Wednesday, July 8, 2009

Jude Huntz on 'Caritas in Veritate' - Part 1

Jude Huntz is Director of the Human Rights Office for the Diocese of Kansas City - St. Joseph and a wonderful scholar, speaker and advocate of the Church's social teaching. This is the first of several posts he is contributing to The Catholic Key Blog on the Holy Father's Encyclical, "Caritas in Veritate":
Reflections on 'Caritas in Veritate' – Part I

By Jude Huntz

The initial reactions to Pope Benedict XVI’s latest encyclical have focused on the political and economic message contained therein. Such reactions are predictable in our politically saturated culture that discerns all known facts through the narrow prism of liberal and conservative ideologies. However, in order to appreciate the full import of the Holy Father’s message, it is important to look at the theological foundations that uphold the Church’s social doctrine. Thus, I will attempt to provide those foundations in this post, and in subsequent posts we will look at the pope’s conclusions in the area of social justice based on these foundations.

In the opening paragraph, Pope Benedict attempts to orient our minds in the realm of the theological: “Love – caritas – is an extraordinary force which leads people to opt for courageous and generous engagement in the field of justice and peace. It is a force that has its origin in God, Eternal Love and Absolute Truth. Each person finds his good by adherence to God’s plan for him, in order to realize it fully: in this plan, he finds his truth, and through adherence to this truth he becomes free” (#1). Love, then is not a mere sentiment or emotion that propels us to volunteerism or good deeds. Instead, love is God himself and thus is ordered to the truth that God has ordained for us to follow and which is the very being of God himself. God communicates this being and love in creating each and every human person in his image.
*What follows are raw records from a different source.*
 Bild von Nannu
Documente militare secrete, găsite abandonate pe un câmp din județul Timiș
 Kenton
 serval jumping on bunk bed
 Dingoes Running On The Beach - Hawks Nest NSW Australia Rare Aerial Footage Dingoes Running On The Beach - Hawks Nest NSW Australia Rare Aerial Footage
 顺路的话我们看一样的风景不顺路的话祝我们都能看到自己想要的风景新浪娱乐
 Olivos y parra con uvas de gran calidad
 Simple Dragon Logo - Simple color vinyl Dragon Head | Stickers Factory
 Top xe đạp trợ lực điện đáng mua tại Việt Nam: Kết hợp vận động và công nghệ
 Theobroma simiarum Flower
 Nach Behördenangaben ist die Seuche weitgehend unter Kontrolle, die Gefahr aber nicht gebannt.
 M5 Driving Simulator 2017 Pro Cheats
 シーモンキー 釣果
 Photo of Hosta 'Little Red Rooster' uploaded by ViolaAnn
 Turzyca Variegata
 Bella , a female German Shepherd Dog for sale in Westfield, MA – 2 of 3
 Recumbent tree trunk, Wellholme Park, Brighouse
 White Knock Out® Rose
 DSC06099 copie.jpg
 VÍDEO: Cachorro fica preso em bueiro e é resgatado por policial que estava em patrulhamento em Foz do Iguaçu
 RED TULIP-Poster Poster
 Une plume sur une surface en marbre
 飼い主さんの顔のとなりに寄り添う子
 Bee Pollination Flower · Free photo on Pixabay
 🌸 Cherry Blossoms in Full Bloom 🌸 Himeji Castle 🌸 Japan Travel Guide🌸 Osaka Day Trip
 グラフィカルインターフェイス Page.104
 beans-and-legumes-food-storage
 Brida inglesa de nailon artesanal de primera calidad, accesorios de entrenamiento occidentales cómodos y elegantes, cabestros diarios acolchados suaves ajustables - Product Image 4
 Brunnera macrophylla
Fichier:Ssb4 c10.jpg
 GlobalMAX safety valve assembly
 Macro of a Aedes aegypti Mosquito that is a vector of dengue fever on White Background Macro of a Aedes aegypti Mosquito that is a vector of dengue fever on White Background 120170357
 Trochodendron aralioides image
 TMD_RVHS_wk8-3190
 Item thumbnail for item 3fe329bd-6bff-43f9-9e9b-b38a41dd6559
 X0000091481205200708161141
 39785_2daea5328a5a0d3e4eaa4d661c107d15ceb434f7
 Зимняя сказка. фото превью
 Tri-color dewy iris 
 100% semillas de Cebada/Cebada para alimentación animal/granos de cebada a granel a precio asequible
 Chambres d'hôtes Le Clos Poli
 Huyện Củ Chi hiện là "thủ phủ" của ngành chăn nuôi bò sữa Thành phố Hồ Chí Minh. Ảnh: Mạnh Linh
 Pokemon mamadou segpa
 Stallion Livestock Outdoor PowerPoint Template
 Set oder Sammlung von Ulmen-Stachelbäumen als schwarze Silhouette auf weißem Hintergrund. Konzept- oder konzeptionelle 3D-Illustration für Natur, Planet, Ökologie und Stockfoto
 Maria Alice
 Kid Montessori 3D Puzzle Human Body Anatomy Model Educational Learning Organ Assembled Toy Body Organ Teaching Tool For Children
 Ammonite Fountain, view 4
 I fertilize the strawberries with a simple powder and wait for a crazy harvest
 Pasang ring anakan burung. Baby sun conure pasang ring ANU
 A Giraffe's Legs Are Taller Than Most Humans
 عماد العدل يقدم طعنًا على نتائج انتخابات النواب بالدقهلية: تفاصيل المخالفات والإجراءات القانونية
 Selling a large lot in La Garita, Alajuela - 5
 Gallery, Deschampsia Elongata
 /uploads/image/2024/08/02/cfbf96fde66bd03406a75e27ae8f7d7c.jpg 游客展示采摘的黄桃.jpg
The Holy Father reflects on the divine source of love later in the letter when he talks about the theological foundation for solidarity. He writes, “This perspective is illuminated in a striking way by the relationship between the Persons of the Trinity within the one divine Substance. The Trinity is absolute unity insofar as the three divine Persons are pure relationality. The reciprocal transparency among the divine Persons is total and the bond between each of them complete, since they constitute a unique and absolute unity. God desires to incorporate us into this reality of communion as well: ‘that they may be one even as we are one’ (John 17: 22). The Church is a sign and instrument of this unity. Relationships between human beings throughout history cannot but be enriched by reference to this divine model. In particular, in the light of the revealed mystery of the Trinity, we understand that true openness does not mean loss of individual identity but profound interpenetration. This also emerges from the common human experiences of love and truth. Just as sacramental love of spouses unites them spiritually in ‘one flesh’ (Genesis 2: 24; Matthew 19: 5; Ephesians 5: 31) and makes out of the two a real and relational unity, so in an analogous way truth unites spirits and causes them to think in unison, attracting them as a unity to itself” (#54).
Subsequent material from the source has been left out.